L’agriculture urbaine : les fermes Lufa
Photographiée par : Lufa Farms
La toute première ferme commerciale à avoir été bâtie sur un toit se trouve ici même, en plein cœur du centre-ville de Montréal. Les fermes Lufa, ce sont 31,000 pieds carrés de végétation qui font pousser plus de 40 variétés d’aliments à longueur d'année. Cette histoire en est une de succès, car elle prouve que l’implantation d’une ferme urbaine est autant possible que profitable. Nous avons discuté avec Yourianne Plante, Agente des communications aux Fermes Lufa, sur ce que cela peut signifier pour nous tous.
1. Pourquoi des toits et non des cours arrière?
Les toits industriels sont des « espaces perdus » idéaux pour pratiquer une agriculture responsable à l’échelle commerciale. En hiver, nous profitons du chauffage du bâtiment en dessous et de la chaleur de la ville, tandis qu’en été, la serre aide à atténuer l’effet d’îlot de chaleur urbain* et à rafraîchir le bâtiment du dessous, comme un toit vert. Nos serres utilisent la moitié moins d’énergie que d’autres installations conventionnelles ! En fait, « nos maisons vertes économisent plus d’un demi-million de dollars en énergie chaque année simplement par l’énergie solaire ».
*) Les « îlots de chaleur urbains » représentent la différence de température observée entre les milieux urbains et les zones rurales environnantes.
2. La sécurité alimentaire est une question qui est sur les agendas politiques de nombreux pays, notamment dans les régions en développement. Qu'est-ce que la sécurité alimentaire signifie pour vous?
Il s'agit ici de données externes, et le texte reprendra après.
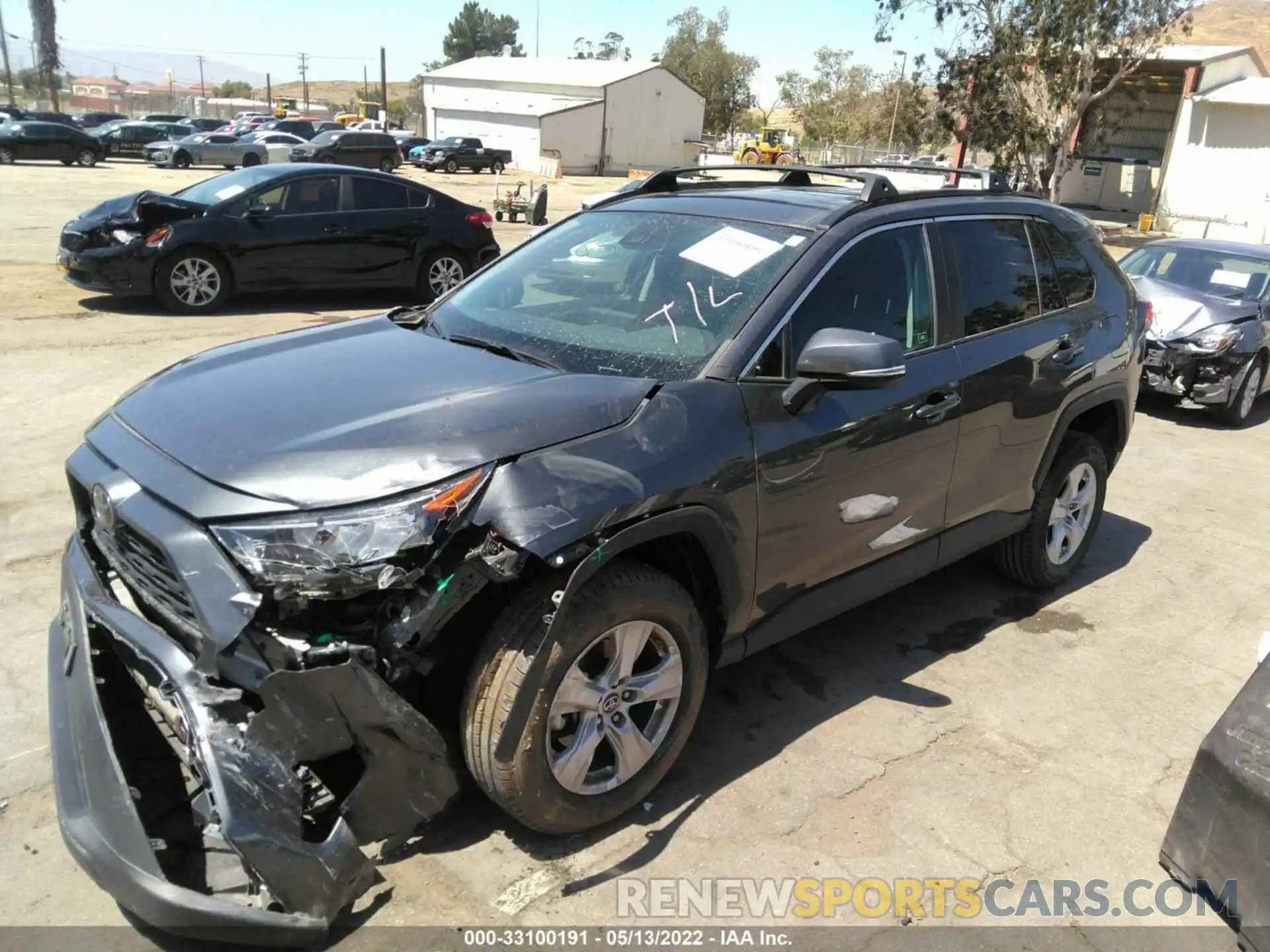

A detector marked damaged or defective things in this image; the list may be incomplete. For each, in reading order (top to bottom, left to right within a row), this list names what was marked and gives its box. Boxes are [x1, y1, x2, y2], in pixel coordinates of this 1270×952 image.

crumpled hood [69, 191, 206, 232]
crumpled hood [101, 317, 655, 510]
crumpled hood [1132, 275, 1259, 342]
damaged black sedan [1122, 239, 1270, 426]
broken front bumper [1143, 340, 1249, 403]
exposed headlight assembly [1178, 327, 1239, 360]
cracked headlight [1178, 327, 1239, 360]
cracked headlight [210, 467, 487, 596]
exposed headlight assembly [210, 467, 487, 599]
damaged gray suv [47, 167, 1143, 944]
damaged black sedan [49, 167, 1143, 944]
broken front bumper [53, 533, 467, 944]
detached bumper cover [53, 533, 467, 944]
detached bumper cover [1163, 660, 1270, 949]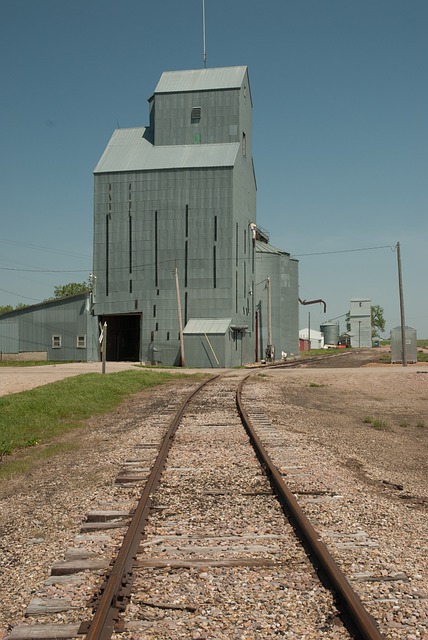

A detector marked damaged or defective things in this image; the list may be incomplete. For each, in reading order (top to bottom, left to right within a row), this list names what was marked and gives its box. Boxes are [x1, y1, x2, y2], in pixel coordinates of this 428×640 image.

rusty rail surface [80, 376, 219, 640]
rusty rail surface [236, 372, 386, 640]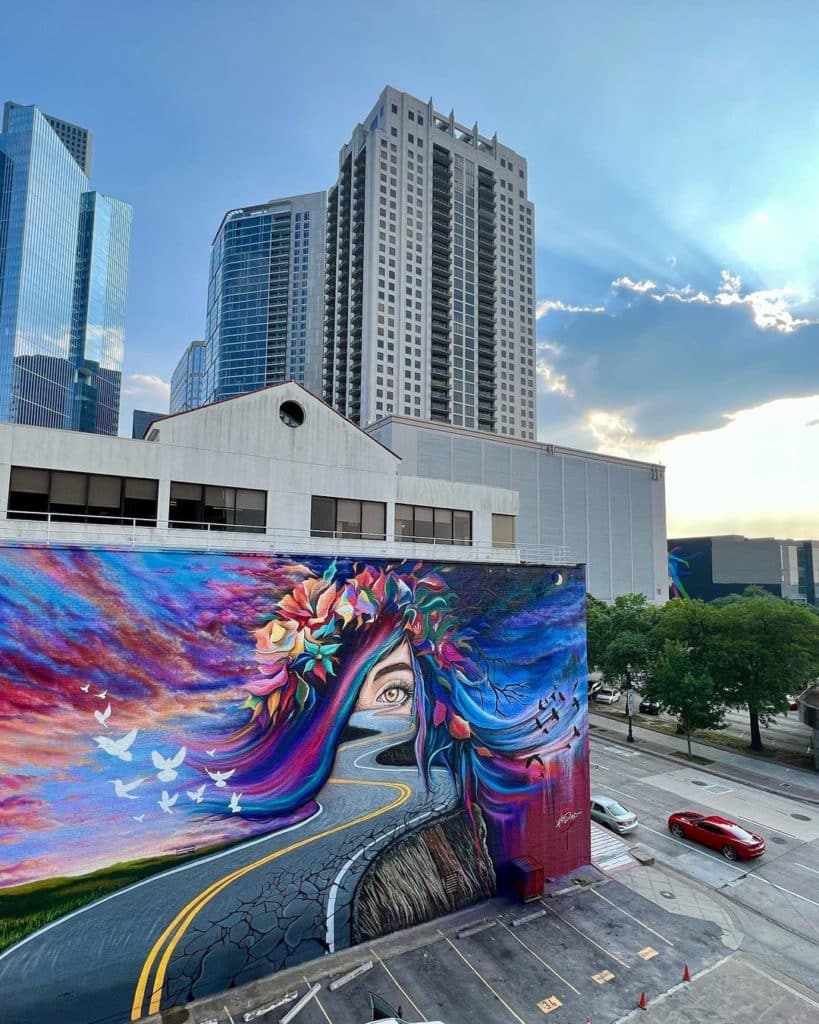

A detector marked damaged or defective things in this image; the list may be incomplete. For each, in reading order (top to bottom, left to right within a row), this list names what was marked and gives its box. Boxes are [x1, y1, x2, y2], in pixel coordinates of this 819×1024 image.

cracked pavement painting [0, 552, 589, 1024]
La sécurité alimentaire est au cœur de notre mission et de notre raison d’être. Aujourd’hui, nous ne savons plus d’où proviennent nos aliments et surtout comment ils ont été produits. Même si nous connaissons nos professeurs, nos politiciens, ou bien nos médecins, nous ne connaissons pas nos fermiers… Nous ne connaissons pas les gens qui nous nourrissent! C’est pour (re)créer un lien direct entre le producteur et le consommateur que nous existons. Nous voulons que les gens sachent d’où viennent leurs aliments et comment ceux-ci ont été cultivés.
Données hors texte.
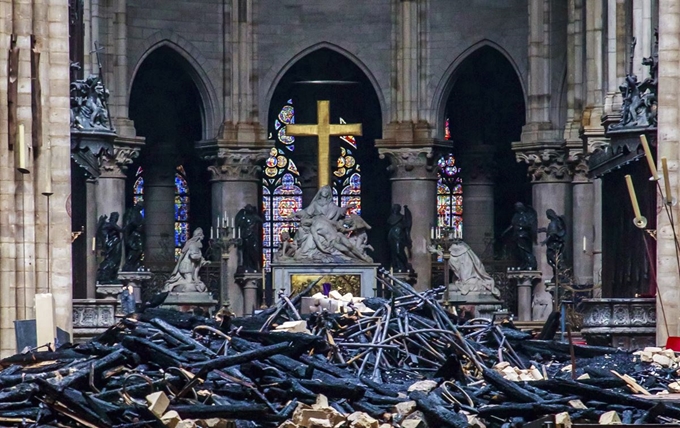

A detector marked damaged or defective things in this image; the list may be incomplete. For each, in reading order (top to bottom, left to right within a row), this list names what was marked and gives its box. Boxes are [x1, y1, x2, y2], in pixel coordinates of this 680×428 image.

burnt timber debris [3, 274, 680, 424]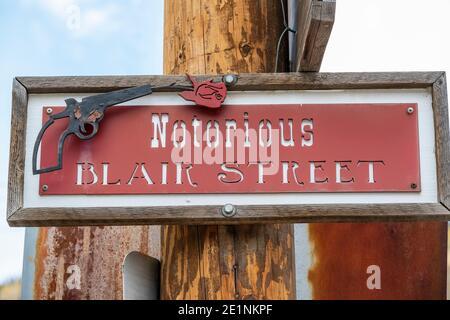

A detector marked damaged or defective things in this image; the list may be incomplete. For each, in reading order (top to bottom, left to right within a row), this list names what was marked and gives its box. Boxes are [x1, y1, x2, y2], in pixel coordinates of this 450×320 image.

rusty metal surface [22, 226, 161, 298]
brown rust stain [32, 226, 158, 298]
rusty metal surface [306, 222, 446, 300]
brown rust stain [310, 222, 446, 300]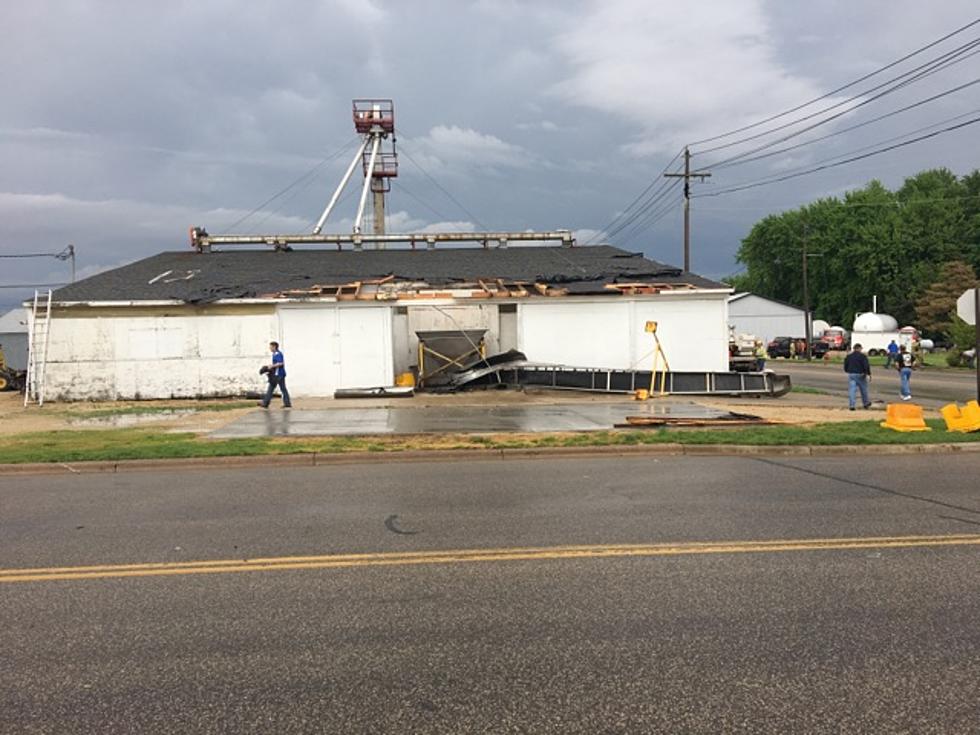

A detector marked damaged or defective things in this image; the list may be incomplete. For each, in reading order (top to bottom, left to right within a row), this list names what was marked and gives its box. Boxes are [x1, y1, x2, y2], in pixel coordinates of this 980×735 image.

damaged roof [51, 246, 728, 304]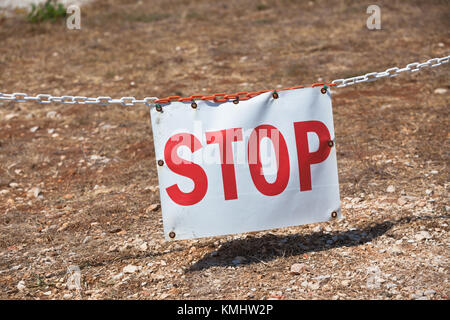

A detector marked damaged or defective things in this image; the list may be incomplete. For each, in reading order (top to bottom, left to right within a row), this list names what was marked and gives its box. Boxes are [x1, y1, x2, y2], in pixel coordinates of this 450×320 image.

3. Quel rôle a joué la technologie dans le développement et l’amélioration des conditions de croissance urbaines aux Fermes Lufa?
Tous les jours, les technologies aident les Fermes Lufa à atteindre sa mission de produire et de distribuer de bons aliments frais. Il y a eu 4 ans de recherche et de développement qui ont précédé la construction en septembre 2010 : « Il a fallu développer notre propre système pour la circulation des eaux, un système de production de polyculture, des techniques de circulation des eaux, et des logiciels de gestion microclimatique».
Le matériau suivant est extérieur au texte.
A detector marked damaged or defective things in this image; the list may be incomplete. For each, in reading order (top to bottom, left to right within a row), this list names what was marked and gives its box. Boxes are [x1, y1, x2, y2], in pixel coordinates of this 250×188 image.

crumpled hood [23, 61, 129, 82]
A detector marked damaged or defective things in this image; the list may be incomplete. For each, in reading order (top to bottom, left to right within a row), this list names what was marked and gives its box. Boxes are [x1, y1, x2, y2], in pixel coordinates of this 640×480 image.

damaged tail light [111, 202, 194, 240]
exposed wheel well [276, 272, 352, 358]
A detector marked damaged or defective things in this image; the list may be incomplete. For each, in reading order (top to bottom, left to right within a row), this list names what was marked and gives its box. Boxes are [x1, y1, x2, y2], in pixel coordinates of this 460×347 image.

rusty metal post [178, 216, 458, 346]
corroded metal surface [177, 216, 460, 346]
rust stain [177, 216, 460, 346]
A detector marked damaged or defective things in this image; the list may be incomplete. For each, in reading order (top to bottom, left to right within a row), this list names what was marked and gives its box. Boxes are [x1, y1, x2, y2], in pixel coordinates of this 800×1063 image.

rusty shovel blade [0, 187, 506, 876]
Les serres des Fermes Lufa rassemblent de nombreuses innovations qui améliorent les conditions de culture en environnement contrôlé : contrôle précis de microclimats pour accommoder une quarantaine de variétés de plantes, écrans thermiques, système d’irrigation en circuit fermé et collecte d’eau de pluie.
Vu notre côté « innovateur », nous sommes aussi un incubateur de technologies agricoles (méthodes de cultures, contrôles biologiques, agriculture en environnement contrôlé, etc.), mais aussi pour la distribution des aliments. Par exemple, nos abonné(e)s pourront bientôt choisir exactement le contenu de leur panier selon la production de notre serre !
*) Rejoindre Yourianne est aussi la voix de Mohamed Hage, le président fondateur des fermes Lufa. Le texte cité a été élaboré à partir des propos de Hage à Ted Talk à l'Université de Montréal (TEDxUdeM). Nous avons inclus l'étonnant 12 minutes de vidéo à la fin de cette entrevue.
4. Avez-vous remarqué une certaine tendance dans les demandes pour les paniers de Lufa, puisque vous avez commencé à distribuer en 2011?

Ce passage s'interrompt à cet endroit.